Abstract

R ecent work on Britain's economic performance has begun to adjust our understanding of the country's relative economic decline. While relative decline was apparent throughout the century after 1870, it has been argued, 'decline appears to have been at its most rapid in the years from the 1950s to the 1970s', the so-called 'golden age' of capitalism, just when British performance, measured in historic terms, was relatively good.2 Broadberry's most recent work has confirmed this view. The productivity of British labour in manufacturing, he has argued, was better than often thought, and poor productivity was largely confined to the period 1950-79.3 This poor performance could in part be explained by historical legacies but its essential causes lay in factors particular to the period after 1945.4 In seeking to explain relative decline after 1945 it has been common since the 1960s to highlight defects in Britain's institutions.
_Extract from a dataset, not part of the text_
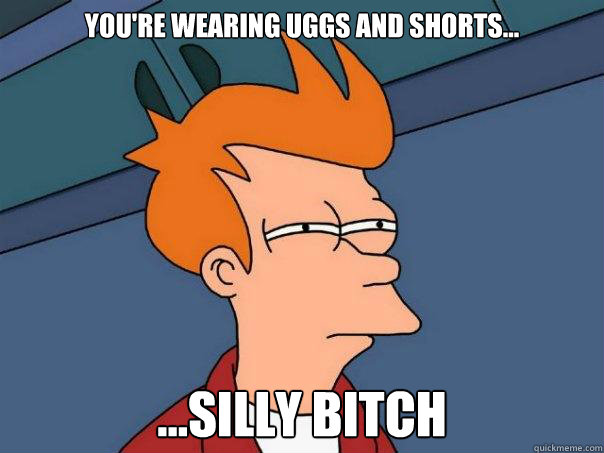 You're wearing uggs and shorts... ...silly bitch  Futurama Fry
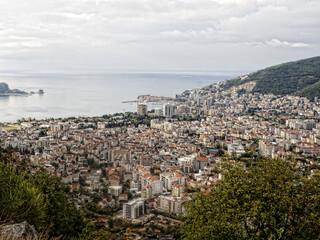 View of the city of Budva on the Adriatic Sea from above. Montenegro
This aspect has received renewed attention from economic historians with the rising popularity of 'new institutional' approaches across the social sciences.5 Thus the work of Broadberry and Crafts and other recent studies, for example by Middleton, have highlighted the importance of institutional arrangements in explaining Britain's relatively poor economic performance since 1945.6 Building on work by Middlemas, Flanagan and his coauthors, and Smith, they have placed particular stress on the detrimental effect of Britain's postwar settlement.7 It is suggested, above all, that Britain adopted a particularly non-interventionist variant of Keynesian demand management which left labour and capital relatively autonomous.